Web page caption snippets
• • •

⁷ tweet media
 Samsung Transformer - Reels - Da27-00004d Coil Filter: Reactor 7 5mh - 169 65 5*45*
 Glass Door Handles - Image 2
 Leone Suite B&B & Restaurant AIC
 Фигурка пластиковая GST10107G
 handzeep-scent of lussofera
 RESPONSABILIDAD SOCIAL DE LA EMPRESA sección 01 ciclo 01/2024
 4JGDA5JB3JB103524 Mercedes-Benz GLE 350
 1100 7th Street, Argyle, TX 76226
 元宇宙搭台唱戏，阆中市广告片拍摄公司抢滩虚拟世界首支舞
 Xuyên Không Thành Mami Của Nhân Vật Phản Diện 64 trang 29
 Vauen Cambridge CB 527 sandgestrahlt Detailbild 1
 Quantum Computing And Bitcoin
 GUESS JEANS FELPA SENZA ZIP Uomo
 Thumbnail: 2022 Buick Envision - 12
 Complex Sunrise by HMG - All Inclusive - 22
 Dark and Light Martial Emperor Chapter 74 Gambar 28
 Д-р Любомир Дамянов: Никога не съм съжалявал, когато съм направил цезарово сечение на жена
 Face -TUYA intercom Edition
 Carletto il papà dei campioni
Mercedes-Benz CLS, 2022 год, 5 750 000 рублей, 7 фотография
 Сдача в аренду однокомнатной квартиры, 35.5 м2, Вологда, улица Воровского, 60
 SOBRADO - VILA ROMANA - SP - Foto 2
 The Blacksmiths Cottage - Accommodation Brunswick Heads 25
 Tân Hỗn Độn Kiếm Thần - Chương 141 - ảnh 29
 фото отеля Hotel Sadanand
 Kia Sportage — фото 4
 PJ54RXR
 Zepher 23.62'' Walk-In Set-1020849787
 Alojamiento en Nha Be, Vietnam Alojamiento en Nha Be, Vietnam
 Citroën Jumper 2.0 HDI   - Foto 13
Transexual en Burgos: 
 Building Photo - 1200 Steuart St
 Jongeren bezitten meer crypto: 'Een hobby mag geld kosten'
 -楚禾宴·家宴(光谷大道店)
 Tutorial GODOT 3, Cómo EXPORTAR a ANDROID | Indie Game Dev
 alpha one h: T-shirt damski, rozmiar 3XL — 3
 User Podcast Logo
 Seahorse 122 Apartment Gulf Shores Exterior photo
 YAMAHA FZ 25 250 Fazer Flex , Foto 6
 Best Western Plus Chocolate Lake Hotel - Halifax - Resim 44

• • •

BRIEF: The answer is every entry, copied word for word.

TASK RESULT:
⁷ tweet media
 Samsung Transformer - Reels - Da27-00004d Coil Filter: Reactor 7 5mh - 169 65 5*45*
 Glass Door Handles - Image 2
 Leone Suite B&B & Restaurant AIC
 Фигурка пластиковая GST10107G
 handzeep-scent of lussofera
 RESPONSABILIDAD SOCIAL DE LA EMPRESA sección 01 ciclo 01/2024
 4JGDA5JB3JB103524 Mercedes-Benz GLE 350
 1100 7th Street, Argyle, TX 76226
 元宇宙搭台唱戏，阆中市广告片拍摄公司抢滩虚拟世界首支舞
 Xuyên Không Thành Mami Của Nhân Vật Phản Diện 64 trang 29
 Vauen Cambridge CB 527 sandgestrahlt Detailbild 1
 Quantum Computing And Bitcoin
 GUESS JEANS FELPA SENZA ZIP Uomo
 Thumbnail: 2022 Buick Envision - 12
 Complex Sunrise by HMG - All Inclusive - 22
 Dark and Light Martial Emperor Chapter 74 Gambar 28
 Д-р Любомир Дамянов: Никога не съм съжалявал, когато съм направил цезарово сечение на жена
 Face -TUYA intercom Edition
 Carletto il papà dei campioni
Mercedes-Benz CLS, 2022 год, 5 750 000 рублей, 7 фотография
 Сдача в аренду однокомнатной квартиры, 35.5 м2, Вологда, улица Воровского, 60
 SOBRADO - VILA ROMANA - SP - Foto 2
 The Blacksmiths Cottage - Accommodation Brunswick Heads 25
 Tân Hỗn Độn Kiếm Thần - Chương 141 - ảnh 29
 фото отеля Hotel Sadanand
 Kia Sportage — фото 4
 PJ54RXR
 Zepher 23.62'' Walk-In Set-1020849787
 Alojamiento en Nha Be, Vietnam Alojamiento en Nha Be, Vietnam
 Citroën Jumper 2.0 HDI   - Foto 13
Transexual en Burgos: 
 Building Photo - 1200 Steuart St
 Jongeren bezitten meer crypto: 'Een hobby mag geld kosten'
 -楚禾宴·家宴(光谷大道店)
 Tutorial GODOT 3, Cómo EXPORTAR a ANDROID | Indie Game Dev
 alpha one h: T-shirt damski, rozmiar 3XL — 3
 User Podcast Logo
 Seahorse 122 Apartment Gulf Shores Exterior photo
 YAMAHA FZ 25 250 Fazer Flex , Foto 6
 Best Western Plus Chocolate Lake Hotel - Halifax - Resim 44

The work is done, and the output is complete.